100 AML ASSOCIATED MEMBRANOPROLIFERATIVE GLOMERULONEPHRITIS Sagar Gupta, Timothy Yau, Sambhavi Krishnamoorthy, Washington University, Saint Louis, Missouri, USA Membranoproliferative glomerulonephritis (MPGN) as a paraneoplastic glomerulopathy has been previously reported in association with lung, gastrointestinal and urogenital tumors. We describe a case of biopsy proven MPGN associated with Acute Myeloblastic Leukemia (AML), an extremely rare entity. A 62 year old Caucasian male was admitted to the hospital after being diagnosed with AML (type M6a). He was started on induction chemotherapy with 7+3 cytarabine and idarubicin. One week later, he started developing anasarca, decreasing urine output and shortness of breath. Lab testing revealed acute kidney injury with rise of serum creatinine to 4.57 mg/dL from a baseline of 0.66. He had nephrotic range proteinuria with 6.9 grams spot urine protein/creatinine ratio. Additional infectious and rheuamatological workup was negative for ANA, ANCA, antiGBM Ab, cyroglobulins, HIV, Hepatitis B and C and normal serum complements. He was started on hemodialysis for worsening fluid overload and azotemia. Renal biopsy was performed and light microscopy showed non-sclerosed glomeruli with mesangial hypercellularity (neutrophilic infiltrates) and thickened capillary loops.

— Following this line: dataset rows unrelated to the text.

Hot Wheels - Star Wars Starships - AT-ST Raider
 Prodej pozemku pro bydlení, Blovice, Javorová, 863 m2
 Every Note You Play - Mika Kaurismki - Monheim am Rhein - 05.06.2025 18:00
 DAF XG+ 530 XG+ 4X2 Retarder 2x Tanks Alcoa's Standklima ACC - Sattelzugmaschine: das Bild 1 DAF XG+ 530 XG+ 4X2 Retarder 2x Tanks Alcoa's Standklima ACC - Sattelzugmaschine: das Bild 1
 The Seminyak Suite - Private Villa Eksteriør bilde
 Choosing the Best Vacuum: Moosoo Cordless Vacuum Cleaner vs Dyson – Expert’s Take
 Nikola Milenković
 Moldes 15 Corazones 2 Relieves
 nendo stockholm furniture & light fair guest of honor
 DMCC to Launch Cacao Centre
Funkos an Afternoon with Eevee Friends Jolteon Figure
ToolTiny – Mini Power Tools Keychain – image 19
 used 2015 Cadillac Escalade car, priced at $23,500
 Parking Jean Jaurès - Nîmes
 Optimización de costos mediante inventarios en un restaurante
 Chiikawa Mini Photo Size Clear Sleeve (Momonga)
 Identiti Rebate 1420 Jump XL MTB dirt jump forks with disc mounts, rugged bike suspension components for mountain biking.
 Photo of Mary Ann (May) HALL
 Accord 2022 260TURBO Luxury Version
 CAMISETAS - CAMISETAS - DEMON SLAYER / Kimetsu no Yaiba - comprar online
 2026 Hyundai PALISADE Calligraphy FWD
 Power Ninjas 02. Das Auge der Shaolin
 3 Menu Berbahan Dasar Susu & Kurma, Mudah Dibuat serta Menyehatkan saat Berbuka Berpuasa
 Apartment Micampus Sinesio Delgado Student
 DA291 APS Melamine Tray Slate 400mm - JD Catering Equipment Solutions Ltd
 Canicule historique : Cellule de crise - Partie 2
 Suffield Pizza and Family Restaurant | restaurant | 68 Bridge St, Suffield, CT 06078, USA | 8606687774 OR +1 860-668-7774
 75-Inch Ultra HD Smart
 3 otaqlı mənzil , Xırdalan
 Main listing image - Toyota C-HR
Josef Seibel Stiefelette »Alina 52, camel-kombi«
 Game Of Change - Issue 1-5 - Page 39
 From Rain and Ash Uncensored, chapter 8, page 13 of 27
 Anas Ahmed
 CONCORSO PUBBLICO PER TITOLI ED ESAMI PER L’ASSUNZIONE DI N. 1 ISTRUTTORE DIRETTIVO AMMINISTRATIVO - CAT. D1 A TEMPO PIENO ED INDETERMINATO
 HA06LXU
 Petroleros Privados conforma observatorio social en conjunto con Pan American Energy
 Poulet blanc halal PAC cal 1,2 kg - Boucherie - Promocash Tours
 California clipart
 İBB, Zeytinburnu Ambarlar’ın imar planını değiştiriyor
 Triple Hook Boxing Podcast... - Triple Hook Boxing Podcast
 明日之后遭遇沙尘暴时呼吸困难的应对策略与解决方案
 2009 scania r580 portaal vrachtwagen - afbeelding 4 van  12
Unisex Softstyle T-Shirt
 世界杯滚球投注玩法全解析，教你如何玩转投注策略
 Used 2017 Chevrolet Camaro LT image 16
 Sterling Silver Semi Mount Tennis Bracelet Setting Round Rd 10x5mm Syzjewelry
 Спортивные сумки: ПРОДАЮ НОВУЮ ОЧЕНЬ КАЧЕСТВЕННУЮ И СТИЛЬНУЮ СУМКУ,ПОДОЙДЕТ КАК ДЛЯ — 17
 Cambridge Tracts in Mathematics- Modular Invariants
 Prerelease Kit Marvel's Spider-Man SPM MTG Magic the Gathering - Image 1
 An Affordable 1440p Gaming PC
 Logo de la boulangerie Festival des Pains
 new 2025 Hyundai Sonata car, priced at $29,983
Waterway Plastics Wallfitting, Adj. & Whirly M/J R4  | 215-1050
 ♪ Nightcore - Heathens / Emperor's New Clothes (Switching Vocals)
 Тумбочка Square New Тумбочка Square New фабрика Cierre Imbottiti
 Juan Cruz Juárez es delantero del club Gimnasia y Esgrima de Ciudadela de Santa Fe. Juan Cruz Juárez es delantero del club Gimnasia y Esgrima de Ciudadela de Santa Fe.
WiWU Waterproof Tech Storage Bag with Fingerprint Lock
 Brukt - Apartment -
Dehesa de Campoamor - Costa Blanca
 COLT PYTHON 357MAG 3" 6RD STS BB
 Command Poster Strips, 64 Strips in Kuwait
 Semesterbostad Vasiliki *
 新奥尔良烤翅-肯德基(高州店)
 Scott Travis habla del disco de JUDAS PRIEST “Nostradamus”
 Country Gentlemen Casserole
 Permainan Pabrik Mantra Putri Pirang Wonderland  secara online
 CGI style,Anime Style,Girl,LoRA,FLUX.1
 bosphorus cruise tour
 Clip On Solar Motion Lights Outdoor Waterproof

Immunofluorescence was positive for IgG, IgA, IgM and C3 while electron microscopy revealed dense subendothelial deposits and no cyroglobulins. This was consistent with a diagnosis of secondary MPGN. He was started on high-dose corticosteroids, diuretics and ACE inhibitor. There was dramatic improvement in symptoms with complete resolution of renal dysfunction and proteinuria. While paraneoplastic glomerulonephritides (especially Minimal Change Disease) are frequently associated with lymphoid malignancies, they are exceedingly rare with acute myeloid neoplasms. Blast cells producing nephrotoxic cytokines and immune complex mediated renal injury have been proposed in their pathogenesis. Trial of corticosteroids and chemotherapy against primary cancer remain the mainstay of treatment.